Considered by aficionados as being the holy grail of Brit horror soundtracks, ‘Witch Finder General’ at long last gets its long awaited release. Rescued from the De Wolfe archive as part of their extensive trawl through a vast library of recordings extending back some 100 years, this score is taken from the original ¼ inch master tapes and includes two previously unheard suites that fell to the cutting floor when the soundtrack was being finalised.
Included with the release a booklet that includes detailed liner notes relating to the films background, history and legacy penned by ‘Beasts In The Cellar – the exploitation film career of Tony Tenser’ author John Hamilton along with rare unseen photographs and between set stills of the cast.
Released over 40 years ago ‘Witch Finder General’ is regarded as one of Vincent Price’s finest screen hours though not all was well on the set, brought in as part of a refinancing deal with an American backer AIP, Price and director Michael Reeves soon clashed culminating in a infamous face off wherein Price snapping at being constantly accused of being melodramatic raged at the young director ‘Young man, I have made 92 films, how many have you made?’ to which came the put down response ‘3 good ones!’.
Following completion of the film and in the years that passed, each of the protagonists fortunes would vary – as intense and multi faceted a performance as Price had ever given, it would through poor distribution and AIP’s miss marketing of it as a Poe horror lead to it sinking into obscurity, Price’s legend though already cemented would see his comic horror stock rise not withstanding his darkly serious iconic part; ‘Witch Finder General’ would come to be hailed a cult Brit horror classic and its director would be dead by 25 from a drug overdose.
As to the soundtrack, scored by Paul Ferris and here in its full undiluted glory, it finds the composer utilising a broad spectrum of styles, rich in flamboyance and regally flavoured its invested with a deeply vivid and colourful archaic English folk pageantry unto which it superbly audio tracks the spirit of the age to which the film is set not to mention very much spirited in the fashions of the late 60s wherein soundtracks and popular music where undergoing a somewhat folk renaissance phase.

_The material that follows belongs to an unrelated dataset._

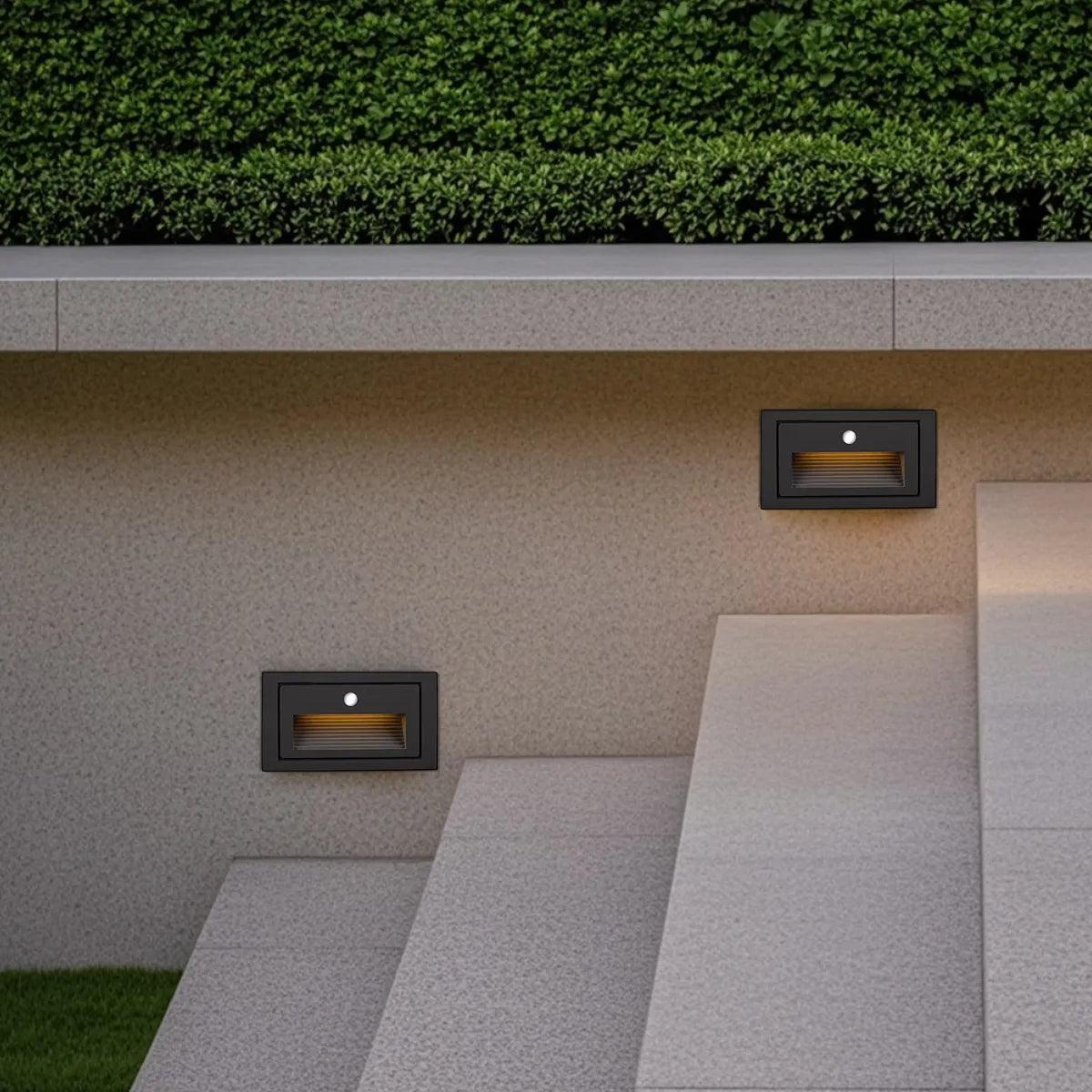 Modern LED Deck Step Light – Black Metal Waterproof Sensor Light for Stairs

Between suspense and beauty, medieval grandeur and its hollowed and tensely tight atmospherics, Ferris was most open of his liberal tinkering of Elizabethan / Cromwell-ian thematic devices cued in large by the ever so subtle though unmistakable use of ’Greensleeves’ as an underlying pre-set (’peaceful interlude‘ and ‘nearly home‘).
Within this 50 minute soundtrack there are moments of exquisite beauty and grim intrigue (’Interrogation of the Priest’) starkly marked out by the foreboding sinister symphonies gouged in menace by the onset of the fracturing punctuations of the wind arrangements endowing an edge to the proceedings to characterise perfectly the underlying theme of treachery and deceit. On the reverse side the elegance, the innocence and the tranquillity is found played out to the free flowing cortège of floral florets as on the sweetly affecting pastoral sweeps of ‘Richard rides to Sara‘ and the genuflecting courtship of the lushly toned and softly surrendered swoon ‘Soft Interlude’. A remarkable audio document all said.